The equation of the line l is $x - 3y - 6 = 0$ - Junior Cycle Mathematics - Question i - 2014

To verify whether the point (1,–2) is on the line l, we substitute $x = 1$ and $y = -2$ into the original equation:

1. Substitute into $x - 3y - 6 = 0$: $$1 - 3(-2) - 6 = 1 + 6 - 6 = 1 \neq 0$$ Therefore, the left-hand side (LHS) does not equal the right-hand side (RHS), confirming that the point (1,–2) is not on the line l.

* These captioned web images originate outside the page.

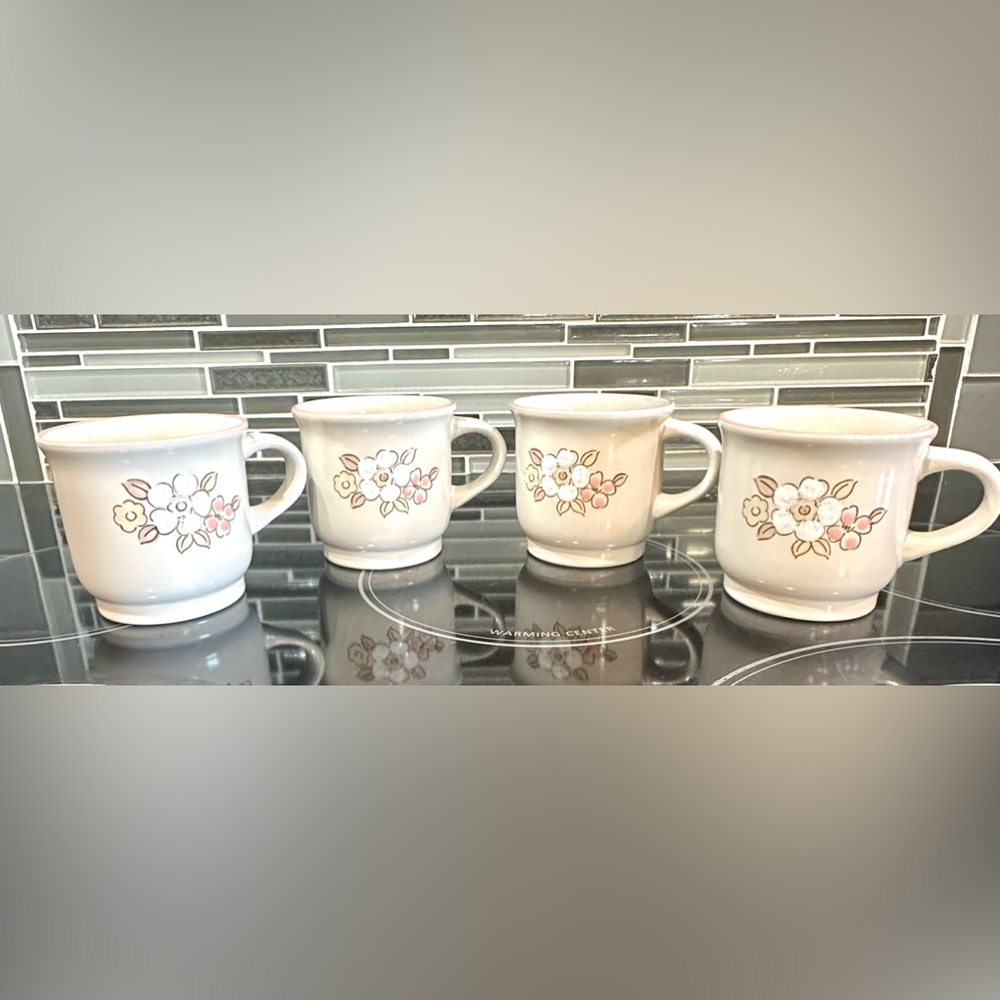 Chantilly Stoneware Tea Coffee Cups Mugs Fleur de Vtg Set Japan Cottagecore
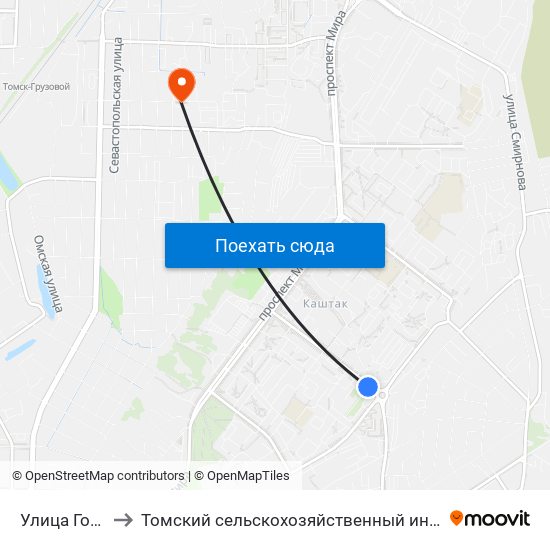 Улица Говорова to Томский сельскохозяйственный институт, филиал НГАУ map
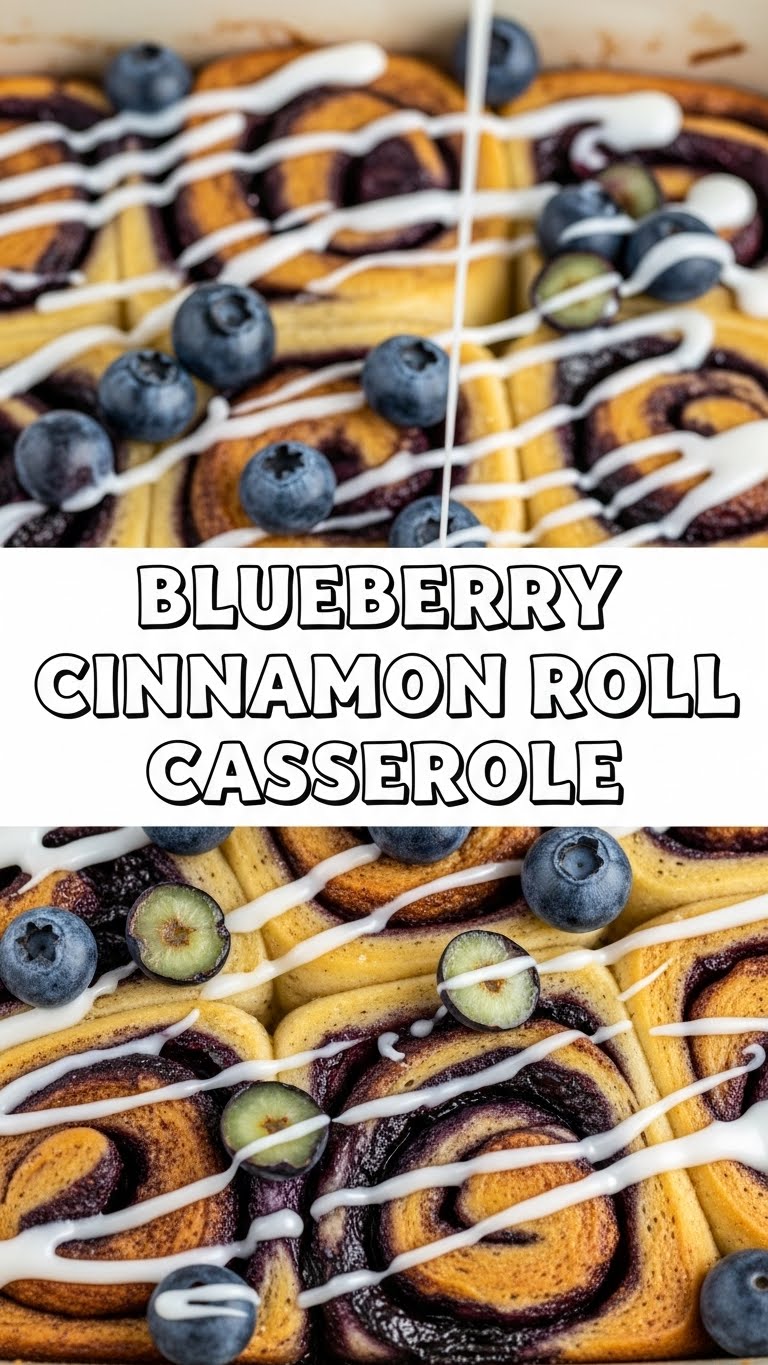 Blueberry Cinnamon Roll Casserole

Since line k is parallel to line l, it has the same slope:

• Slope of line k: $m = \frac{1}{3}$.

To find the equation of line k which passes through the point (1,–2), we can use the point-slope form:

1. Using the point-slope formula: $$y - y_1 = m(x - x_1)$$ Substituting $m = \frac{1}{3}$, $x_1 = 1$, and $y_1 = -2$ gives: $$y + 2 = \frac{1}{3}(x - 1)$$ Simplifying: $$y + 2 = \frac{1}{3}x - \frac{1}{3}$$ Thus: $$y = \frac{1}{3}x - \frac{7}{3}$$ Alternatively, in standard form, we can arrange it as: $$x - 3y - 7 = 0.$$ Therefore, the equation of the line k is either $y = \frac{1}{3}x - \frac{7}{3}$ or $x - 3y - 7 = 0$.